Using Linguistic Analysis to Computationally Replace Given Similes »

This linguistically oriented group worked to replace every simile in a piece of text with another contextually relevant choice of words. For example, you could type “as fast as a rabbit” into their cloud-deployed form and have “as speedy as a cheetah” returned to you.

A novel use of Wolfram’s text analysis, this tool is useful to writers, ESL teachers and those of us who enjoy using insult generators to roast our friends. The function returns such gems as “you are as brainsick as a possum” and “I am as beautiful as a glistening cornflower.”

Using Hexagonal Cellular Automata to Model Flooding »

This environmentally conscious team decided to use cellular automata to model flooding, making a simulation that shows how water pools in places with varied elevations.

This model was able to find locations on real-world maps where flood water would gather, a genuinely useful result in our unpredictable climate.

Political Idea Blocking—Simulating Political Change »

This group took some fascinating research into how ideas spread through populations, combined it with research on how different political ideas are connected (for example, the idea that we can assume with some degree of accuracy someone’s view on gun control when told their view on abortion) and made a massive simulation of how an individual’s ideas can change based on their context.

Bringing in agents such as the media, politicians, influencers and political parties, this team was able to create cluster maps of ideas as they moved through the population.

While their simulation is based on some assumptions about idea spread, those assumptions are well researched and founded in a level of political theory that is certainly not required for WELP.

Acoustic Modeling with Generated Depth Maps »

This team aimed to take photos of real places and simulate broadcasting audio from different locations in the image.
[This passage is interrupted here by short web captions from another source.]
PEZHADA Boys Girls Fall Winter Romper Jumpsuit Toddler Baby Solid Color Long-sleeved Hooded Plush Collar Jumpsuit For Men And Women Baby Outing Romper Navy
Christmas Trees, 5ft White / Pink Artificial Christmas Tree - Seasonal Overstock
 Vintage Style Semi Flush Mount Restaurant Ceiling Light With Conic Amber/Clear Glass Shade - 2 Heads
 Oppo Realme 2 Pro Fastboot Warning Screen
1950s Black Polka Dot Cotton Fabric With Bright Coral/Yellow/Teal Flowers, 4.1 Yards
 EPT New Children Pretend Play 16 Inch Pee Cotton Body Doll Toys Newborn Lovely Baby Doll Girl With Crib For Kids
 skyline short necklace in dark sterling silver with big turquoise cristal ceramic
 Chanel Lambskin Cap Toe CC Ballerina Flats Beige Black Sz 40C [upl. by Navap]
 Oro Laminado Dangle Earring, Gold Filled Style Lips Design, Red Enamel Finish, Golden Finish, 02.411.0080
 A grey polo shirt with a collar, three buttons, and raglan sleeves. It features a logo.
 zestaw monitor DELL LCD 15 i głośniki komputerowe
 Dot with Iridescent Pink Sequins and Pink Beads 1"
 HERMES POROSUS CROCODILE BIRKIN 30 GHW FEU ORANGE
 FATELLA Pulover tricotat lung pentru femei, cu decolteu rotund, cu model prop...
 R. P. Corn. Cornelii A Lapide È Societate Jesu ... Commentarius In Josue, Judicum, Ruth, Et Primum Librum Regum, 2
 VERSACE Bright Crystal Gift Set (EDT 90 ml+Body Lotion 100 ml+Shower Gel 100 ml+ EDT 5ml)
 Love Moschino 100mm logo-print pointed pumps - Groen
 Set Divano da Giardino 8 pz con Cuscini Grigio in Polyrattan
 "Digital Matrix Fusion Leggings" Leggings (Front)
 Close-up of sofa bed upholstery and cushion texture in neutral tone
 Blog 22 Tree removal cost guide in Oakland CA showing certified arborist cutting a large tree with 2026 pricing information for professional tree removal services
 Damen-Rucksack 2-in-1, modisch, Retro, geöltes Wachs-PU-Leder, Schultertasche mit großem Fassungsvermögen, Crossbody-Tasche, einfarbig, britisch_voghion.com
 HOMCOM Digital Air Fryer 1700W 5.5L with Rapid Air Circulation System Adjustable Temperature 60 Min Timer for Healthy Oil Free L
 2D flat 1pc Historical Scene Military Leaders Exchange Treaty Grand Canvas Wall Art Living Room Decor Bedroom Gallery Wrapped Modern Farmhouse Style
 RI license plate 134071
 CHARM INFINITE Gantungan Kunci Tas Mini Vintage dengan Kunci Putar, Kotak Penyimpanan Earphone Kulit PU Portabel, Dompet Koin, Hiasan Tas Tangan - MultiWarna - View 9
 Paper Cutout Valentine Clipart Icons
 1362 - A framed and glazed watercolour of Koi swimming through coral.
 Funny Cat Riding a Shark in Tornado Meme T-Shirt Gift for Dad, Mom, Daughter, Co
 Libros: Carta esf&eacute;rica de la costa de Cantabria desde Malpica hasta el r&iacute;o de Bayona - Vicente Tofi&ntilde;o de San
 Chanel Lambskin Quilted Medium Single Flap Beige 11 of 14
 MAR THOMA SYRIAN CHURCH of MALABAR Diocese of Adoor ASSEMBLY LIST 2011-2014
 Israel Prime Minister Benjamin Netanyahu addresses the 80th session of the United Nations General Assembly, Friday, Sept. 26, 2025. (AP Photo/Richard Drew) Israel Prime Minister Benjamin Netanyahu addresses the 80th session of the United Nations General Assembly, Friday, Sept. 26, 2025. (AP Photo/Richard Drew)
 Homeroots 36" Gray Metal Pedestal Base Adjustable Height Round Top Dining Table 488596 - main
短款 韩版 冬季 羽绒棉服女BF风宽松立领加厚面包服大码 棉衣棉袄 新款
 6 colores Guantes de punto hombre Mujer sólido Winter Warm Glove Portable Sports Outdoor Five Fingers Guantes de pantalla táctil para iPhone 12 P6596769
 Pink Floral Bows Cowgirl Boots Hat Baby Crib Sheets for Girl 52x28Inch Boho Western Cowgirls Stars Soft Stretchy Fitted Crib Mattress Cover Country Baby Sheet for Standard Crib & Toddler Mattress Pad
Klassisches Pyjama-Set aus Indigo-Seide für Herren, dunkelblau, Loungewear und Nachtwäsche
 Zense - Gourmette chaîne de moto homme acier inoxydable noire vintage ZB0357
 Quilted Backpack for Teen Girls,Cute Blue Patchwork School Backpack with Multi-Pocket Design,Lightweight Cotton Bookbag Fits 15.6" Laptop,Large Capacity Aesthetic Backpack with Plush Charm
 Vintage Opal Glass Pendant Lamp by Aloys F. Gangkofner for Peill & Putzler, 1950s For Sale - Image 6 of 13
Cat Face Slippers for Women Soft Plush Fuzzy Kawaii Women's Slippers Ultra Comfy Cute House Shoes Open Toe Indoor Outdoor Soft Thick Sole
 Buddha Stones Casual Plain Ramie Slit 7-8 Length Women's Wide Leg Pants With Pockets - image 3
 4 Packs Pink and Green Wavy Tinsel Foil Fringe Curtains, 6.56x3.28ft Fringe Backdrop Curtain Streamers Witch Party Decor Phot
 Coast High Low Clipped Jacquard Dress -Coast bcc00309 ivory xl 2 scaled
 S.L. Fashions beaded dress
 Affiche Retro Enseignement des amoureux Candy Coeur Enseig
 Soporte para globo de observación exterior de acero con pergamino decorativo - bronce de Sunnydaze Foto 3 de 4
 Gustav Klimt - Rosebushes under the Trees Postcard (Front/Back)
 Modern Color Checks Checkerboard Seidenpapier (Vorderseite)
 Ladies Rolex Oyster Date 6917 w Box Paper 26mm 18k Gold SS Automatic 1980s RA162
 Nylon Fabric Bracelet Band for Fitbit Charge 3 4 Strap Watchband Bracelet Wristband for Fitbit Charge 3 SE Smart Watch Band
They were able to create interesting 3D depth maps of locations, translate those maps into Boolean regions and play sound over various 3D objects. They didn’t quite manage to broadcast sound over their depth maps.

This is a great example of a project that went exactly the way it was supposed to go. The students learned huge quantities of math, physics, image processing and sound engineering as well as the coveted skill of knowing when enough is enough and letting the project go. WELP is a learning experience, not a project factory, and we are far more interested in learning than in polished essays.

Takeaways from WELP

I had a great time mentoring and guiding the 2020 WELP students through this program. They worked exceedingly hard to complete projects that I would have had no hope of completing at their age, and watching them develop their thinking and coding skill sets was an absolute joy.

As demonstrated by the 2020 projects, students learn a variety of vital skills over the course of this program.

• First, their Wolfram Language coding skills and their content knowledge skyrocket. This can be seen in both the differences between their Summer Camp projects and their WELP projects and between their stage-three MVPs and their final products.
• Second, they gain important experience working in a remote team, which was growing in popularity even before the current pandemic limited in-person interactions.
• Third, the students develop strong computational thinking skills, which will set them up for exciting academic and industry careers, granting unparalleled insights for deeper thinking and problem solving.

Several of the WELP 2020 students will be attending Summer Camp 2021 as teaching assistants, so it will be amazing to see their new skills in action as they pass them on to the next cohort. As teaching assistants at the Summer Camp, they will be tasked with designing and delivering casual learning opportunities to help new students get started on their own computational thinking journeys.